▶ [Exercise instructions] Please keep the images out and set down the data exactly as given.

※ ※ ※

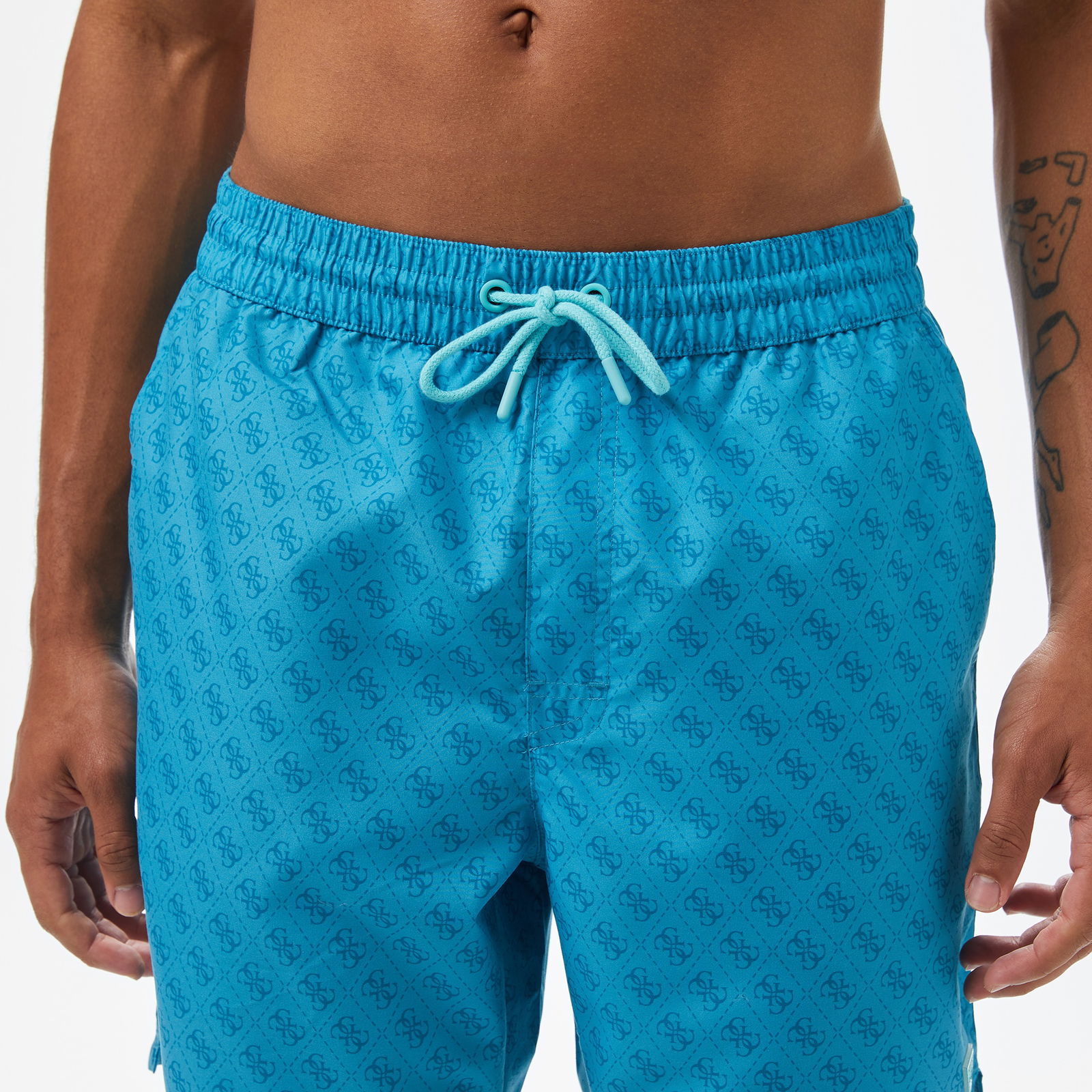 Guess Swimtrunk Medium Emb Peach Twill 115 Erkek Mavi Deniz Şortu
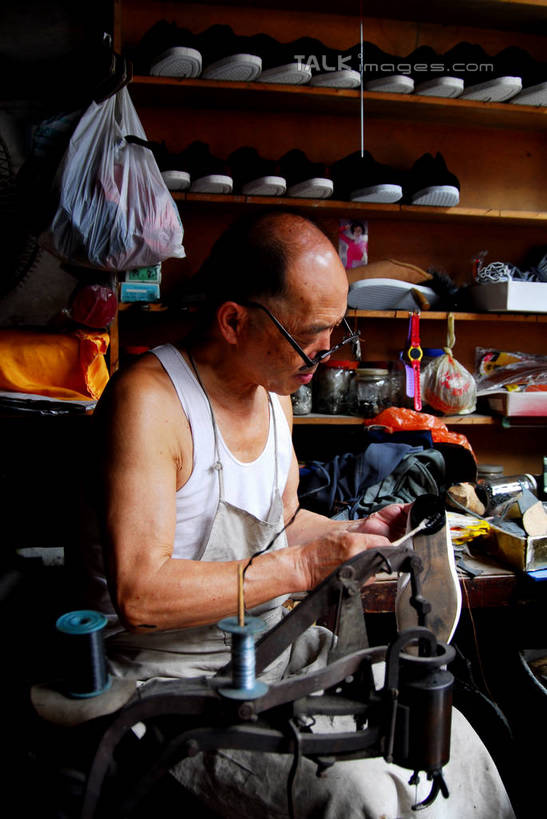 东方人,一个人,鞋匠,商店,坐,竖图,室内,白天,侧面,购物,消费,亚洲,仅一个男性,仅一个人,连接,握,组合,服装,背心,眼镜,拿,置物架,拿着,注视,黄种人,架子,缝纫机,衣服,观察,看,仅一个老年男性,握着,金融,百货,服饰,观看,老花镜,缝纫,链接,察看,装订,衣着,穿着,关注,拼接,杠杆,拼凑,陈列架,选购,贸易,拼合,凑集,聚合,撮合,链结,血拼,缝合,衣饰,搁架,远视眼镜,老年男性,男人,男性,亚洲人,坐着,半身,彩图,店铺,杂货店,杂货铺,shzxz1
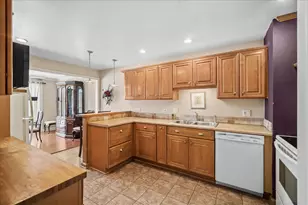 2700 E Bel Aire Dr, Arlington Heights, IL 60004 - Photo 5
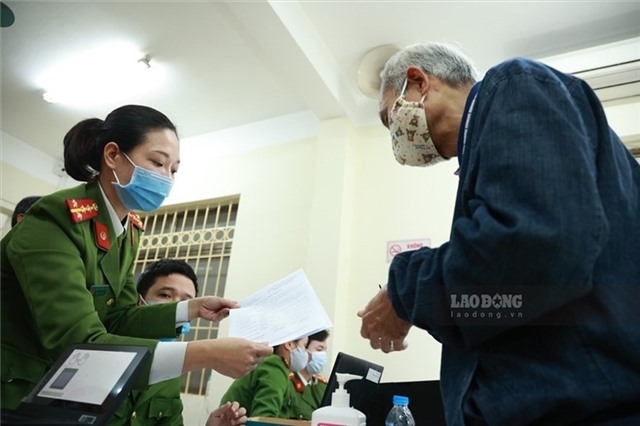 Bị mất căn cước công dân có phải về quê làm lại?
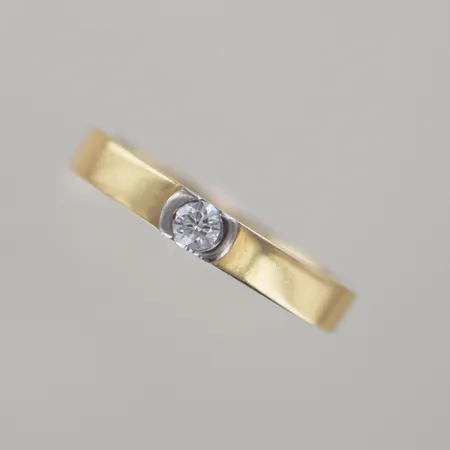 Ring med diamant 0,10ct, Ø 16,25 mm B 3mm, vitguld 18k, graverad Vikt: 3 g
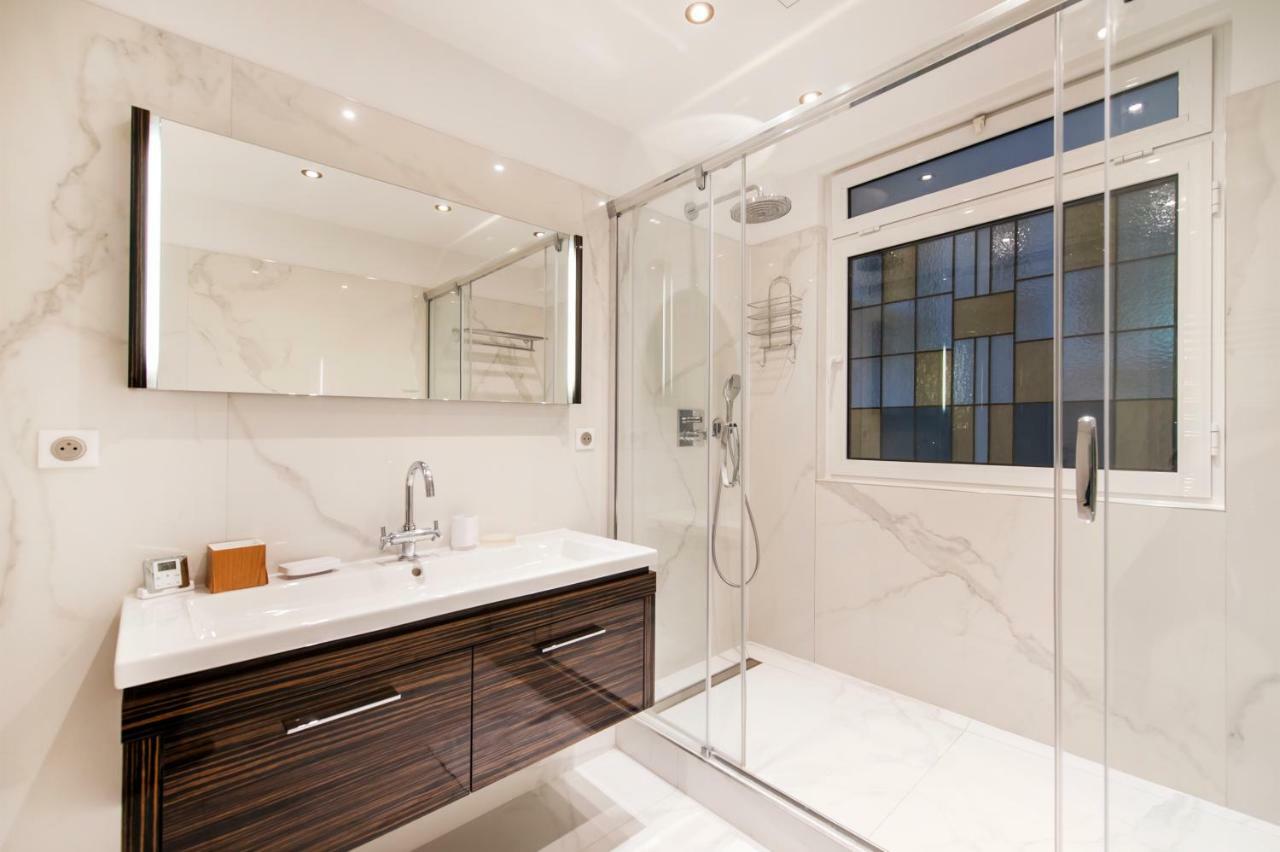 Luxury Montaigne Apartment パリ エクステリア 写真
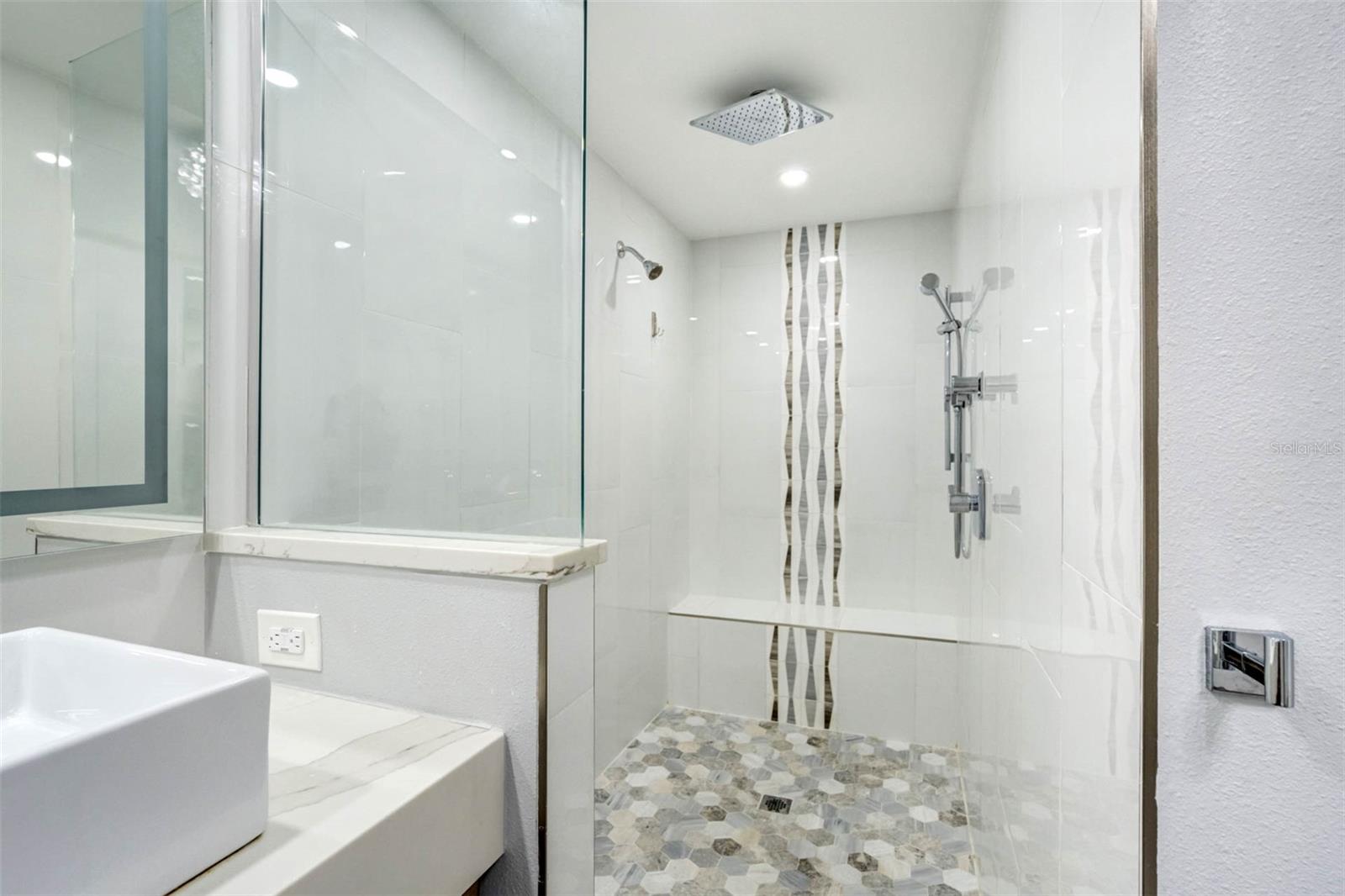 BELLA ROSA CONDO - Residential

※ ※ ※

▶ [Written answer]
 Guess Swimtrunk Medium Emb Peach Twill 115 Erkek Mavi Deniz Şortu
 东方人,一个人,鞋匠,商店,坐,竖图,室内,白天,侧面,购物,消费,亚洲,仅一个男性,仅一个人,连接,握,组合,服装,背心,眼镜,拿,置物架,拿着,注视,黄种人,架子,缝纫机,衣服,观察,看,仅一个老年男性,握着,金融,百货,服饰,观看,老花镜,缝纫,链接,察看,装订,衣着,穿着,关注,拼接,杠杆,拼凑,陈列架,选购,贸易,拼合,凑集,聚合,撮合,链结,血拼,缝合,衣饰,搁架,远视眼镜,老年男性,男人,男性,亚洲人,坐着,半身,彩图,店铺,杂货店,杂货铺,shzxz1
 2700 E Bel Aire Dr, Arlington Heights, IL 60004 - Photo 5
 Bị mất căn cước công dân có phải về quê làm lại?
 Ring med diamant 0,10ct, Ø 16,25 mm B 3mm, vitguld 18k, graverad Vikt: 3 g
 Luxury Montaigne Apartment パリ エクステリア 写真
 BELLA ROSA CONDO - Residential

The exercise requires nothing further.